Hello there, I just needed to know how to get the timing right when using the gcc __builtin_prefetch() function, that is, how many instructions before the actual utilization of the data should I make the prefetch call.
I will be measuring the L1 cache hit rate with valgrind's cachegrind, simulating a 1KB L1 Data cache.

Just in case you ask yourself what's the point in doing what I'm doing, I tell you it's a university project.

AFAIK, it depends on your processor and the 'data' you are processing. Have you looked at prefetch test cases in the GCC testsuite (.../testsuite/gcc.misc-tests/i386- prefetch.exp)?

The consists in two dimensional arrays that are much bigger than L1D cache. And our professors expect us to "guess" the prefetch distance by introducing timers in the program. But I have yet to see an example of that.

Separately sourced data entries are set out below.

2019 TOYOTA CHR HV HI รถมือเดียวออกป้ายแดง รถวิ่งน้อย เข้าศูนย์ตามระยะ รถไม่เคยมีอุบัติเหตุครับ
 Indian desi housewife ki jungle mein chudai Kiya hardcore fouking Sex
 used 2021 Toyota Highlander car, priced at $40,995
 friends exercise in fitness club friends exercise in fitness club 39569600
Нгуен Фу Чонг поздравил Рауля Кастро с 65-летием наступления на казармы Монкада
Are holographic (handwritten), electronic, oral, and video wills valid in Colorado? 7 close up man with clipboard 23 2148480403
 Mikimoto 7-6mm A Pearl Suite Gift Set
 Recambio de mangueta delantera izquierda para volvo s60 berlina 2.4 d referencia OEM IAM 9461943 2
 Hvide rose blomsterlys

The prefetch instruction should be issued at a time before the data is used at least as large as the L1 cache latency. You should be able to find out what that latency is for the machine you are using. I imagine that your code will have some sort of loop over the array, so you take into account the time taken per loop iteration (without cache latency), the amount of data read per iteration and the size of the L1 data cache. These figures should give you an idea of the memory bandwidth you need to sustain and hence how often you need to prefetch and how far ahead each prefetch should touch the data. This gives you somewhere to start, but your professors are correct; guessing and timing is the only way to be sure.